On Instagram, I noticed people were using all of these pound signs and I had to Google what they were. Oh, so those are hashtags. I still didn’t quite get them, so I asked my kid’s babysitter for advice. After trying to explain it to me several times, she decided I was hopeless and graciously took me on as her Padawan apprentice. Under her tutelage I learned that the hashtags in my first posts were really, really dumb, and that I used way too few of them. Overcompensating for my lack of social awareness, I then used way, way too many, which earned me more reprimands. Matt, you can’t use twenty hashtags. You need to cut that down to like five, tops. To be #instacool, I think you are supposed to use no more than four hashtags, but no less than two. I couldn’t get myself to use less than eight; I was hashtag raving mad. Wanderingmatt8 still had lots to learn.
Over time, my developing #instagame led me to write little stories, serving as a gateway drug for blogging. Now shamelessly looking for more places to plug my writing, I recently decided to dive headlong into the rest of the social media universe, hoping to learn how all of this works. If you’re anything like me – in your 40s, clueless about what the heck is going on out there, and maybe hoping to promote your business or your writing – I humbly offer this “list” of my current learnings, as a possible guide. Mind you, most of what I’ve learned is probably wrong:
1. Facebook. The mother of all social media platforms, most people still live their online lives here, so if you have anything to share, you better be here too. Not much has changed: most people are still either sharing sob stories that make you feel terrible or posting pictures of all the wonderful fun you’re not having. But I admit, after a 3-year hiatus, it’s really nice to see so many old friends on here. Oh yeah, that’s right. Facebook’s for really old people. Like total grandpas. Like people over the age of 25. These are your people.
2. Snapchat. My mind exploded when I learned you could swipe in both directions, and I became enormously frustrated that if I wanted to follow someone’s stuff, all of their content disappeared before I knew what I was looking at. It’s like getting a Hulu subscription to watch Empire, and finding out you can’t watch Season 1 because the rest of the world has already moved on to Season 4. Stick to Facebook, Grandpa.
3. Twitter. I used to think Twitter was just a newsfeed for guys who wanted to catch up on trending sports stories. Or for those who like to have their thoughts interrupted all day by Trump retweets. But recently I learned that Twitter is also where people can build an anonymous treasure trove of followers to help support their business, or, ahem, promote their blog. If that’s your bag, all you have to do is follow everyone. Scary looking dude that says he hates kids and listens to Satanic rock? Hey, he says he’s a writer! Follow. Crazy cat lady who uses all of her kitties as muses in her books? Hey, she writes books! Follow. In the Twitterverse, follows are like handshakes.

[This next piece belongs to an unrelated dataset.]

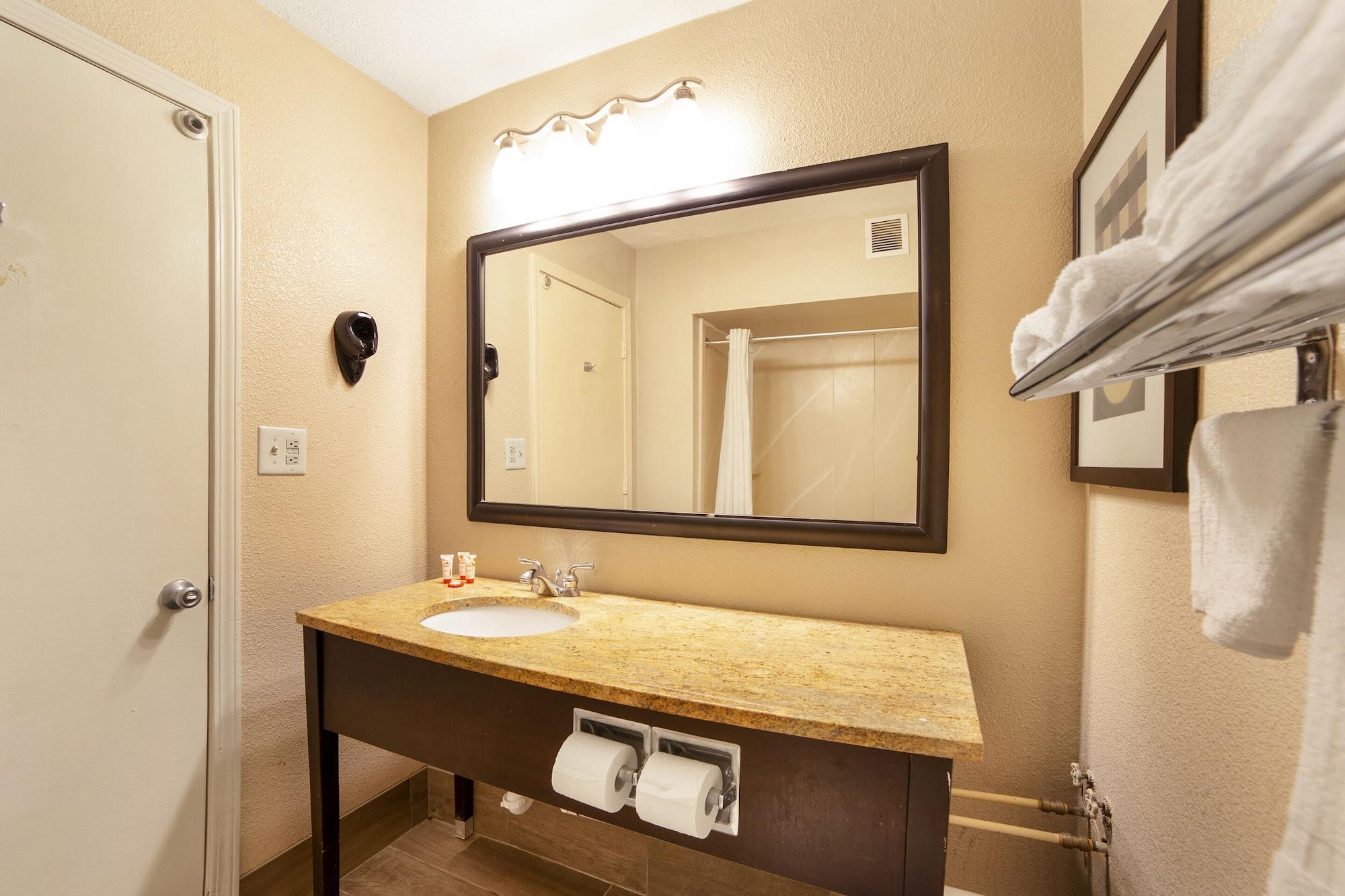 Econo Lodge Inn And Suites Dentsville Zewnętrze zdjęcie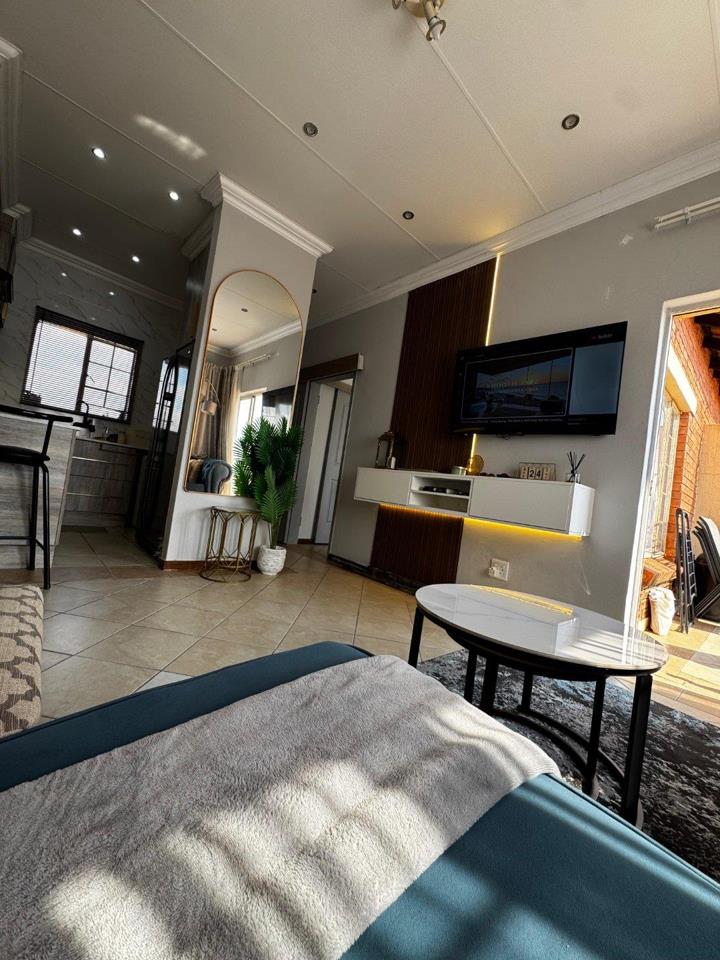 1 Bedroom Apartment / flat for sale in The Orchards - P24-117117218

Don’t overthink it. The key is to jump on relevant hashtags, so you can converse and learn with people that are interested in the same things you are.
4. Pinterest. Pinterest is like looking at the tack board collage hanging in my daughter’s bedroom: it’s noisy, there are tons of unrelated items, and a lot going on there that I don’t understand. But you better get on it bub, if you want to share whatever content you’ve got. According to Quicksprout.com, “Pinterest is the second biggest driver of referral traffic by a large margin.” Guess who got a Pinterest account this week? I’m hoping my daughter will manage it for me.
5. Reddit. Here’s where you can discuss any topic that might interest you with a host of likeminded people. Just make sure you follow the rules of each group. I couldn’t even tell somebody I thought their idea was good without a reddit bot telling me I’m “doing that too much,” and then unceremoniously blocking my posts. I have no idea what I’m doing here.
6. Tumblr. This is where I pretend to be a blogger who knows what I’m doing. I’ve created one post so far and spent most of the time x’ing out the dirty cartoons everyone else posts. I’m pretty sure everyone on Tumblr is in 5th grade and just discovered that the other sex exists.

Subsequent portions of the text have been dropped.